By Michael S. Eddy

Lestat, inspired by Anne Rice's The Vampire Chronicles, has just taken up residence in the Palace Theatre on Broadway after wintering in San Francisco. This musical take on vampires — with music by Elton John, lyrics by Bernie Taupin, and directed by Robert Joss Roth — is based on the visual concepts of the artist and filmmaker Dave McKean. The design team, which consists of lighting designer Kenneth Posner, scenic designer Derek McLane, costume designer Susan Hilferty, and sound designer Jonathan Deans, took a lot of visual cues from McKean's work on the production — visual cues that are a far cry from the days of Dracula-inspired vampires.

McKean is an illustrator of several award-winning graphic novels with author Neil Gaiman, including The Sandman series and Coraline; he has also worked as a conceptual designer/digital artist for the Harry Potter films. Mirror-Mask, McKean's first feature film as director and visual designer, premiered at the Sundance Film Festival in January 2005. Lestat is McKean's first Broadway endeavor, and it requires quite a few different locales as well as spanning time periods during the course of the show. The creative team looked at a lot of different multimedia technologies to get the story across; video projection in conjunction with media server technology was the chosen method. Designer Howard Werner was selected to be the projections coordinator for the show. In the end, Werner and PRG Video would be responsible for one of the most complex projection systems to date for a theatrical production.

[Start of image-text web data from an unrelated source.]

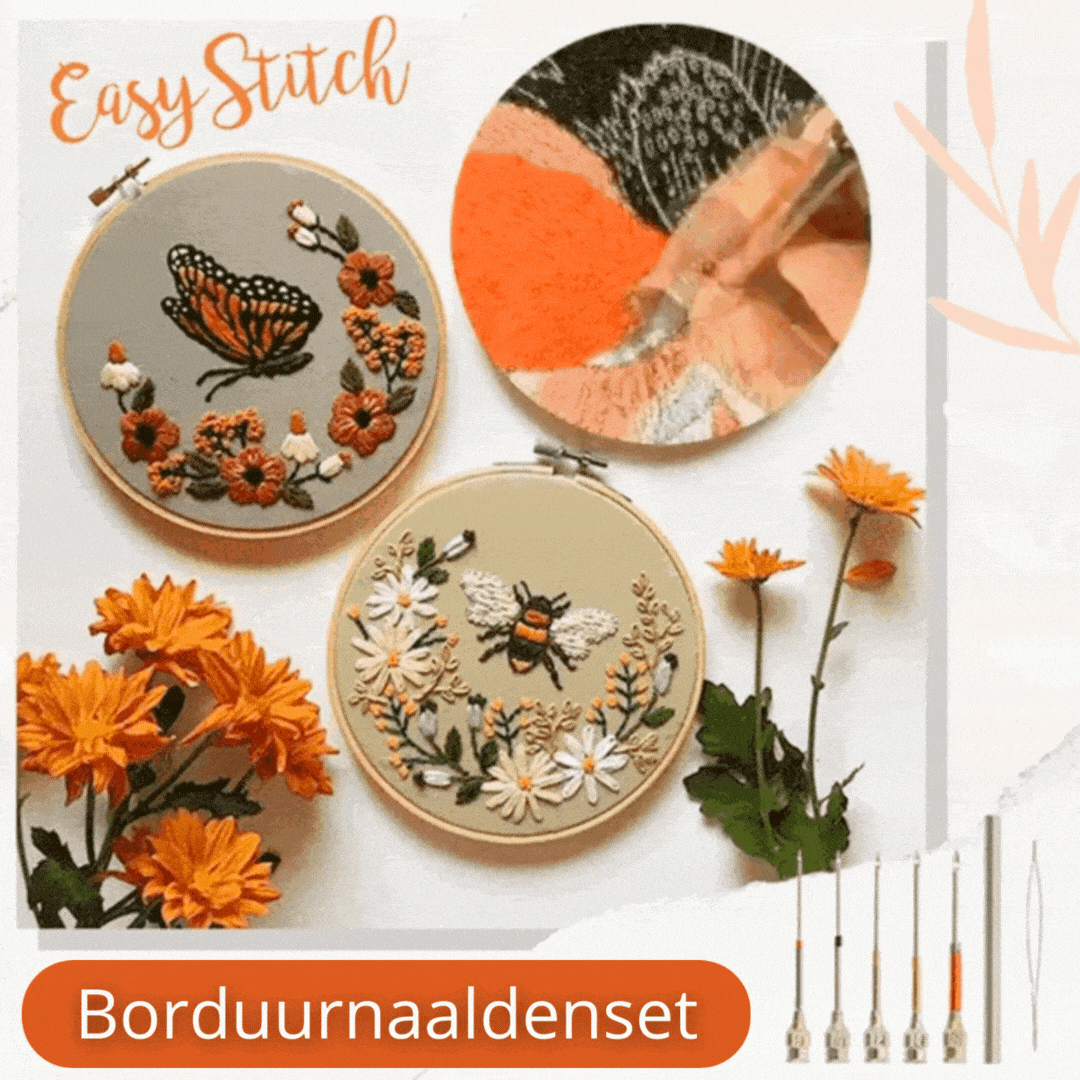 Avelena | StitchMaster - Sticknadelset, verbessern Sie Ihr Näherlebnis!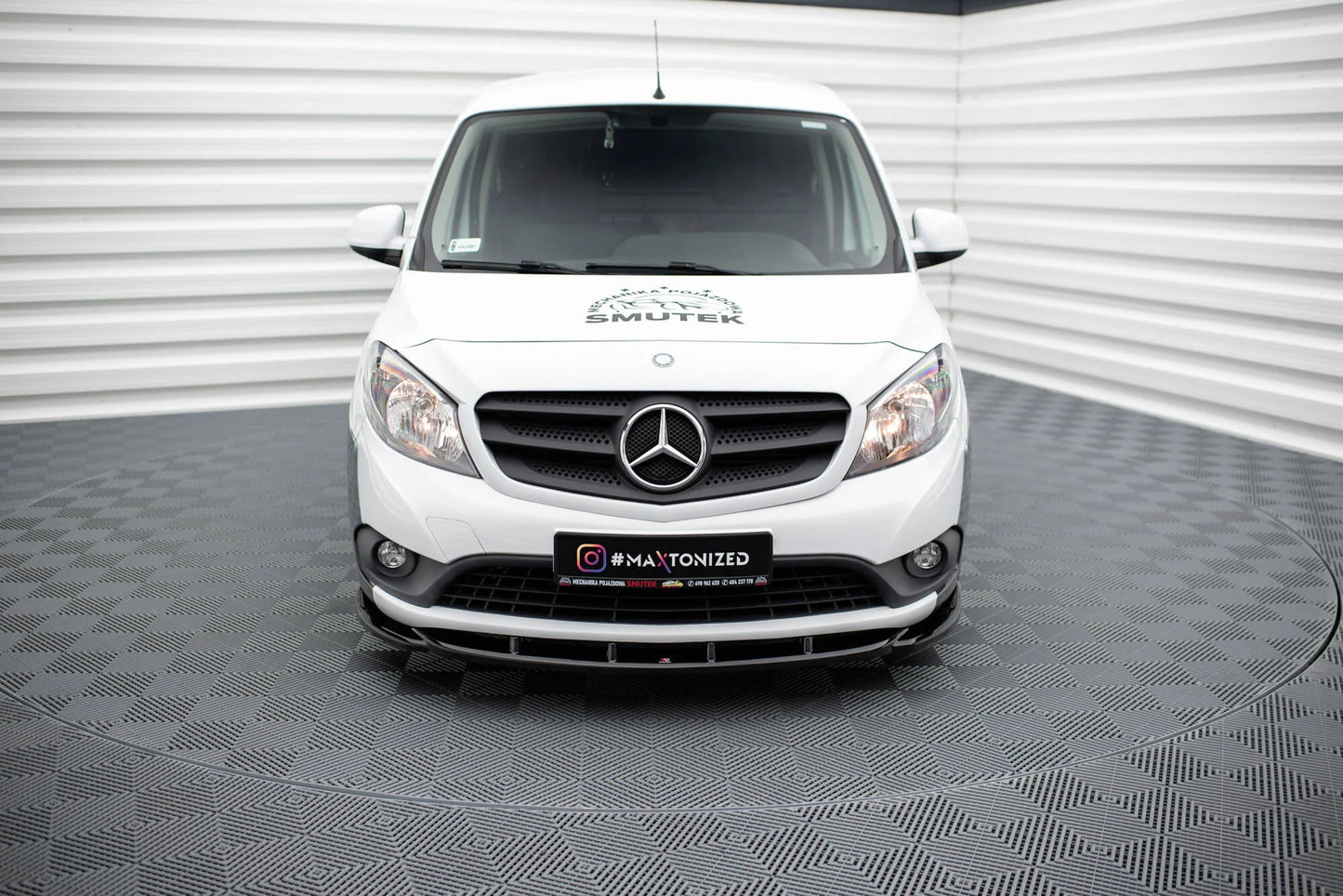 Mercedes Citan - Frontspoiler - Frontlippe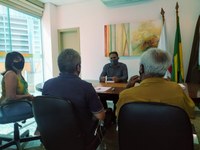 Câmara Municipal busca parceria com a Prefeitura em prol do Floresta Clube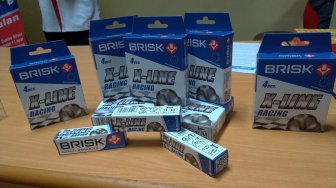 Brisk XLINE Busi untuk Motor Harian dan Balap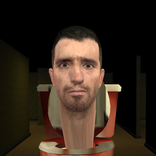 Skibidi Backrooms Toilet Man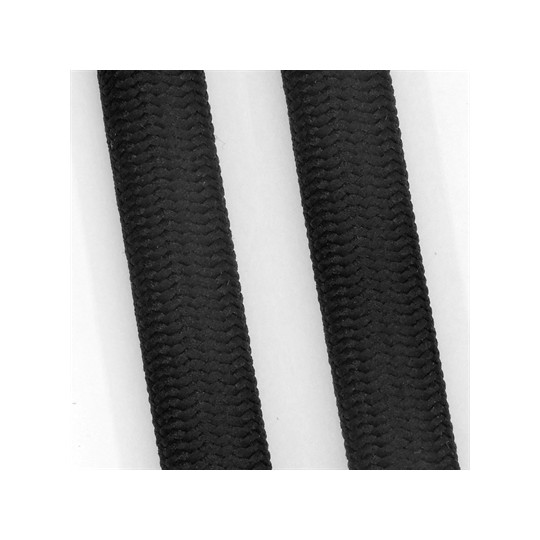Morso Hondenriem Soft Rope Gerecycled Black Zwart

“Dave McKean was hired to come up with the visual concepts for the show,” says Werner. “That included everything from the video content to imagery content, to scenery and costumes. He has an influence on all of the visual aspects of the show. He created the actual film footage that we are playing. Of course, things changed as we were in the theatre, and I helped facilitate some of that; we created some content and modified some of his content, but he really did most of it.”

Lestat underwent major changes between its out-of-town tryout and its Broadway debut; critical reception was pretty harsh in its initial run, pointing particularly to problems in the first act. (Critical reception in New York wasn't any better, garnering some of the most negative reviews of the season). In San Francisco, the projector setup was nine Digital Projection, Inc. (DPI) projectors from the rear and three from the front of house. On Broadway, the setup consists of six DPI HIGHlite 12000Dsx+ projectors from the rear and two from the front rail. The projection system would need to be able to edge-blend these multiple projectors into large images that were initially conceived for the show. Werner came up with how the system would work. “We kicked around a bunch of different ideas, and I was sure in my gut to not do DVD or traditional video playback but that we needed something like a media server to have the flexibility in the theatre to make changes and manipulate imagery. We definitely knew that we needed the ability to edge-blend the imagery and sync multiple projectors together.”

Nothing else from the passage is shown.